I can say with complete honesty that I fear never writing again more than I fear death. A fellow writer once asked me what I would do if I was told I could never write again. I told her I would explode. Simple as that. Just the thought of it alone made me short of breath. You see, nothing in my mind makes sense until I can see it written out in front of me, and it has been that way for as long as I can remember. Even when it comes to fiction, characters form in my head who will not leave me alone until they are written into literature. That might sound crazy, but that is exactly why I write: to maintain some sort of sanity. I write because I have to. I think if I could never write again and the explosion doesn’t occur, I would develop some level of schizophrenia, or become an actress.

I started writing when I first learned how to write. I was six. My mom bought me a diary for Hanukkah and although I spent the first few years writing “dear dairy,” I still kept at it year after year. I’d come home from school and run up to my room to document the days events before I would forget them. In the seventh grade when my english teacher asked the class if anyone had ever jotted down a poem when they were feeling particularly emotional about something, I was the only one who raised my hand. That’s when I first realized that writing had become a part of me.

During high school, although short stories were my means of procrastination, it was the poems that kept me sane. If something dramatic was happening, a constant occurrence for most girl ages fourteen through seventeen, I wouldn’t be able to sleep at night until my thoughts were written out in rhymes and rhythms. (Yes, I had a Tumblr.) Although I’ve slowed down on the poetry these days, when something major in my life does happen, I can’t help but to break it down into stanzas.

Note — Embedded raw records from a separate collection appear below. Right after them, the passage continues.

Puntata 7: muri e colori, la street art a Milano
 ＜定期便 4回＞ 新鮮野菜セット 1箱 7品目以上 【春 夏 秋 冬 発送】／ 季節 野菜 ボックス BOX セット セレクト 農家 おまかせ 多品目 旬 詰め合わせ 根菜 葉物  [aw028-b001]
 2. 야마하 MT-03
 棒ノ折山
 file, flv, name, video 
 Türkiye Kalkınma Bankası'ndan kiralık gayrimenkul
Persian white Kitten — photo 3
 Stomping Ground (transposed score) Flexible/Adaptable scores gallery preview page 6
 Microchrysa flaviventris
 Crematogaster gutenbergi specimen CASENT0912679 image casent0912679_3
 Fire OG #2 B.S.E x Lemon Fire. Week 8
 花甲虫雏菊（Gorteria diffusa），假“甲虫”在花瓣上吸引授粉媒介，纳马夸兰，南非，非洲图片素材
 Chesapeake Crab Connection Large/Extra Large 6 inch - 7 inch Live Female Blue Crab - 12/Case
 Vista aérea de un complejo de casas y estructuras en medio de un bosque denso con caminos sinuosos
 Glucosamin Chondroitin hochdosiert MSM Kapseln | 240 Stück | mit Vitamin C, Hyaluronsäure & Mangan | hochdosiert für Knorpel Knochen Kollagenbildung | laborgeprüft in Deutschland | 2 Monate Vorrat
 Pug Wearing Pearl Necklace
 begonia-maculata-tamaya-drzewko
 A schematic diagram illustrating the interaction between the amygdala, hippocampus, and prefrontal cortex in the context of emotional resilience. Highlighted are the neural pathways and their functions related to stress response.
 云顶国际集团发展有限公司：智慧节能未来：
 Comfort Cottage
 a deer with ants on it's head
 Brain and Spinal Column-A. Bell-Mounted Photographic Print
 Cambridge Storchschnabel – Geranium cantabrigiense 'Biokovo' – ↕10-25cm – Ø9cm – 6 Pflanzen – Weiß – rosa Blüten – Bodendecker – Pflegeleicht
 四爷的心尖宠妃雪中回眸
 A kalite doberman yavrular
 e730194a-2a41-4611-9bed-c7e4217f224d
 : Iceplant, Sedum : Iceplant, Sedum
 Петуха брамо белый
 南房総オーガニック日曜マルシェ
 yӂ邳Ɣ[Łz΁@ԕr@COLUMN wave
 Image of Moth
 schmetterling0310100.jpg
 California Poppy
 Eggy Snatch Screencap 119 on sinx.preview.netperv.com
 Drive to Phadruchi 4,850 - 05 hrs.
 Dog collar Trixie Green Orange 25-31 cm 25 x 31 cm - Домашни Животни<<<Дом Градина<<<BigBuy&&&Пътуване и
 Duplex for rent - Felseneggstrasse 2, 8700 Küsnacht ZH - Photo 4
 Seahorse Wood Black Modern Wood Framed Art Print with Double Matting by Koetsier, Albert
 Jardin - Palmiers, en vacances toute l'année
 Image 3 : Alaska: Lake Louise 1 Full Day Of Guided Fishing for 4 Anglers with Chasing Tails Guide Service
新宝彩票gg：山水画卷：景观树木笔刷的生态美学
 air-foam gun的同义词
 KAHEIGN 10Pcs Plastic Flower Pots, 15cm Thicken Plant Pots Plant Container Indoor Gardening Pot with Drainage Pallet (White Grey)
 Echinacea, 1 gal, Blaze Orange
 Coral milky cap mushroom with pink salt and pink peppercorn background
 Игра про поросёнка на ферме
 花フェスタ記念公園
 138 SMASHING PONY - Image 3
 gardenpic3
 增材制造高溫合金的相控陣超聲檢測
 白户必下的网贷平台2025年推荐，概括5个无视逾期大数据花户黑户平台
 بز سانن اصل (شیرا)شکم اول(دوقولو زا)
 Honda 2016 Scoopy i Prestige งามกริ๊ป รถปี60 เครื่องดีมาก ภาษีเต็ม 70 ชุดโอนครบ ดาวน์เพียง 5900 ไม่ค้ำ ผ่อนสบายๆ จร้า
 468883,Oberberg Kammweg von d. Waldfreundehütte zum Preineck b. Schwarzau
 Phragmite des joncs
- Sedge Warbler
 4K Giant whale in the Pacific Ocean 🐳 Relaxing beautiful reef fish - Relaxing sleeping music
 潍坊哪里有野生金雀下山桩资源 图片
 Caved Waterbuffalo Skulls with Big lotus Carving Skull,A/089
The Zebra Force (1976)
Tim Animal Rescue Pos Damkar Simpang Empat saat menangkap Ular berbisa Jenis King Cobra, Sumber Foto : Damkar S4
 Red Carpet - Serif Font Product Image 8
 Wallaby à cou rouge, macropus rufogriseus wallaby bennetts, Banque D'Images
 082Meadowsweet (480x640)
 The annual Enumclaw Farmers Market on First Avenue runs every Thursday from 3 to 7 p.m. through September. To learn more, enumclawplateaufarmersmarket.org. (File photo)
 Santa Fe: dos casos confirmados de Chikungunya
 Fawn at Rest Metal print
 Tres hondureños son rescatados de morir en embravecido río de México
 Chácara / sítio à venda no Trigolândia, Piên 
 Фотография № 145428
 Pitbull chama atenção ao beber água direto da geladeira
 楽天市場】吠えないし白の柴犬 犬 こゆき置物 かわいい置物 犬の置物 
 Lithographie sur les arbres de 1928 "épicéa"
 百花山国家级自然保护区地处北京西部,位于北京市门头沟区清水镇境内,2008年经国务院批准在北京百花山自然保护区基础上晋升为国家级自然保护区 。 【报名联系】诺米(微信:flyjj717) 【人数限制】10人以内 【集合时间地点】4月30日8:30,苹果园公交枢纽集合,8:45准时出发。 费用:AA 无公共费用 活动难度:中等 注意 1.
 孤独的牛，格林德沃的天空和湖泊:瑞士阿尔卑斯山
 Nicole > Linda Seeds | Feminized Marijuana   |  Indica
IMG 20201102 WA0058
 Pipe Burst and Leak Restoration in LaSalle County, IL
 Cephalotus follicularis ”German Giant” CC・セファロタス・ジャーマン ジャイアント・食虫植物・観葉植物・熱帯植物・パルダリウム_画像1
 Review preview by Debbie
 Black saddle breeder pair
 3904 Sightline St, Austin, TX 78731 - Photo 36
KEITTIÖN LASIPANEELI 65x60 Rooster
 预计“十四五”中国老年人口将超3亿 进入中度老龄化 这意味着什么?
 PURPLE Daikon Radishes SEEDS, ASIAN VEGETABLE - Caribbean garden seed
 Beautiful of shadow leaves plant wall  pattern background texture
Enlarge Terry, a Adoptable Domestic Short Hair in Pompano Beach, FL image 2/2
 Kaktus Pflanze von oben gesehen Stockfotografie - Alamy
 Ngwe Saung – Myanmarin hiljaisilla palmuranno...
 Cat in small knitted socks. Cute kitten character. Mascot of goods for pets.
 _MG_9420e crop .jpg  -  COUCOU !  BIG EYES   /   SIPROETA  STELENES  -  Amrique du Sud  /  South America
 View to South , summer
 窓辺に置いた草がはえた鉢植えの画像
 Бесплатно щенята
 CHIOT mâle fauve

When I told my senior year english teacher that I was applying to be a journalism major, he told me I should think about reconsidering because my writing was not very strong. Although it had improved since I first entered his class, he did not feel I was ready for the world of journalism. This came as a bit of a shock because it had never occurred to me that my level of talent would stop me from doing what I loved to do. I just knew I wanted to write for the rest of my life and getting paid to do so seemed logical. Not being good enough had never crossed my mind. I was going to write and that was the end of it. I took his comment with an I’ll-show-you attitude and got accepted into the school of journalism at Ithaca College.

To be fair, Mr. Forrest was one of the best teachers I have ever had to date. His enthusiasm and dedication to all of his students kept me inspired to continue writing. Even when I thought senioritis would be the death of me, I still managed to bang out some decent essays and score a 3 on the AP test. In fact, all of my high school English teachers have left their mark on me one way or another. It was Mrs. Stoia who took off two points every time we used passive voice and although no other teacher after that has done so, the habit is still well ingrained. It was Mr. Farley who showed me how to carefully read a book for both the story aspect and writing style. I remember having to underline my favorite lines in each chapter of The Great Gatsby. Now, I judge the greatness of a book not by the plot but by how many times I say, “wow, that was a great line.” Mrs. Robinson encouraged me to add a little of my own voice into every piece of writing, no matter what the assignment. Perhaps if my math teachers had been as stellar and inspiring as my English teachers, I might have reconsidered a major in journalism…although who am I kidding? calculus was the worst.

My roommate last year called me insane when I told her I enjoy writing essays. She couldn’t relate to the thrill I got every time I figured out how to slip a pun into an essay or the intimate relationship I have with my thesaurus.

I write because every time I sit down to do it, I feel like I’m being exactly who I’m supposed to be. When people tell me to describe myself, I tell them I’m a writer. That’s all. I write. I started this blog because writing prompts are fun and I needed a well-organized online portfolio. When people follow this blog or tell me they like it, I’m genuinely appreciative because it wasn’t started to show off my work. I did it for me as a way to strengthen my voice as a writer.

In the future, I would like to get paid to write but if that doesn’t work out, if I end up bartending or answering the phone at my Dad’s store, I’ll still be writing every day because without it, I wouldn’t be me. I would explode.